Le 30 novembre 2012 se déroulait dans le Théâtre historique de Pézenas, une rencontre littéraire avec Laurent Gaudé.  Organisée par AUX LIVRES CITOYENS, la Ville de Pézenas et la LIBRAIRIE LE HAUT QUARTIER, cette rencontre s’est articulée autour de la lecture d’extraits du dernier ouvrage de Laurent Gaudé (Prix Goncourt 2004) “Pour Seul Cortège” par l’auteur accompagné par le comédien Jean-Marc Bourg suivie d’une discussion et d’une dédicace.

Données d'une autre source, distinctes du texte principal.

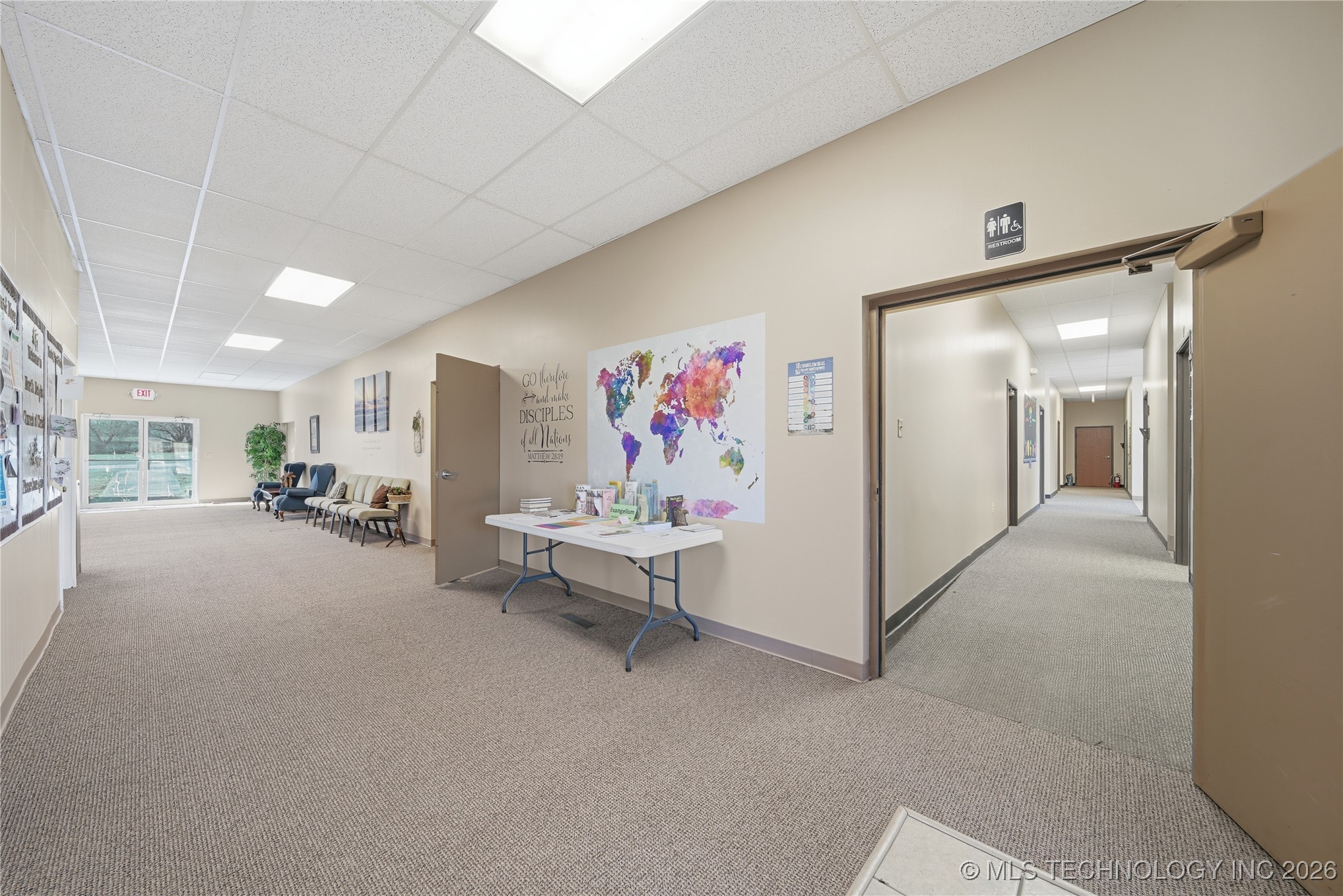 11710 S Memorial Drive Property Photo 40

Pour ceux qui ne le connaîtraient pas encore, Laurent Gaudé fait partie des auteurs les plus talentueux, prolifiques et vendus de sa génération.  Né en 1972, il suit une Maîtrise de lettres à l’Université Paris III2, pour laquelle il a soutenu un mémoire intitulé Le thème du combat dans la dramaturgie contemporaine française, sous la direction de Michel Corvin (1994), puis un DEA à la même université, pour lequel il a soutenu un mémoire intitulé Le conflit dans le théâtre contemporain, sous la direction de Jean-Pierre Sarrazac (1998), Laurent Gaudé écrit pour la scène dés 1997.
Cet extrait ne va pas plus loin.